I can answer this question :slight_smile: Yes, this is mainly about the compilation time - in C++ programmers usually try to reduce dependencies: if you do not need some declarations, you do not include them. Modern compilers have different tricks to help you (for example, clang compiles ROOT in 5 minutes on my mac), but still, you’d better avoid redundant inclusions - this is additional work for compiler in general to parse again and again something it does not really need.

Philippe & Timur

Thanks :smiley:

Olivier

[quote]I cannot put the code you sent in the trunk[/quote]This release was absolutly not meant to be put in the trunk (sorry for the misunderstanding).

[quote]I see you have changed the standard ctor[/quote]Yes, the former “triple constuctor” was just a dummy ctor I’ve posted to get some feedback.
The ctor I’d like to add just requires 3 arguments: filename, format, delimiter.
So it conflicts with the standard/current one.
One way to cope with that is to use the Option_t argument of the standard/current ctor
since it has the right type (const char*) and is absolutly not used.
This is what I do in the standard/current ctor: if (strcomp(option,"")==0) { /* use standard/current ctor */ } else { /* use new delimiter specified ctor */ }Note: No changes to TGraph.h.
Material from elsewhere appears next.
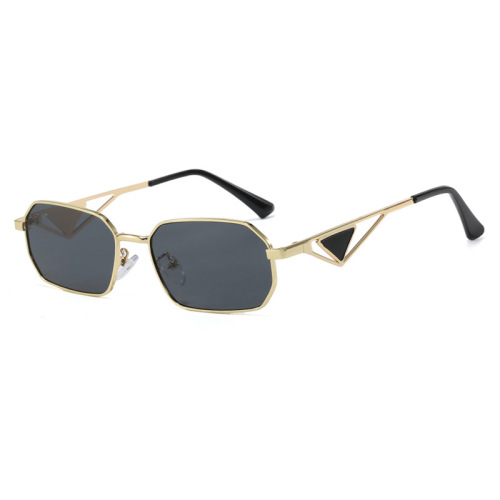 Vintage Asymmetrical Small Frame Metal Aviator Sunglasses with Mesh Sun Protection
So, please find attached a first release candidate
properly formatted (using Root’s .astylerc, http://root.cern.ch/drupal/content/c-coding-conventions),
and successfully tested with today’s (30 sep 2011) 13h30’s trunk (5.31/01).

Cheers,
Z
tgraph_ctor3.tgz (22.8 KB)

Much better :slight_smile:
The Options parameter was not use before … may be we can call it delim ?
no option now means “old way” … an option means “a delimiter” …
To be think …

Renaming “option” to “delimiter” would be clearer for sure.
Note that for consistency the same modifications (renaming and ctor enhancement) should be applied to TGraphErrors and TGraph2D.
Cheers,
Z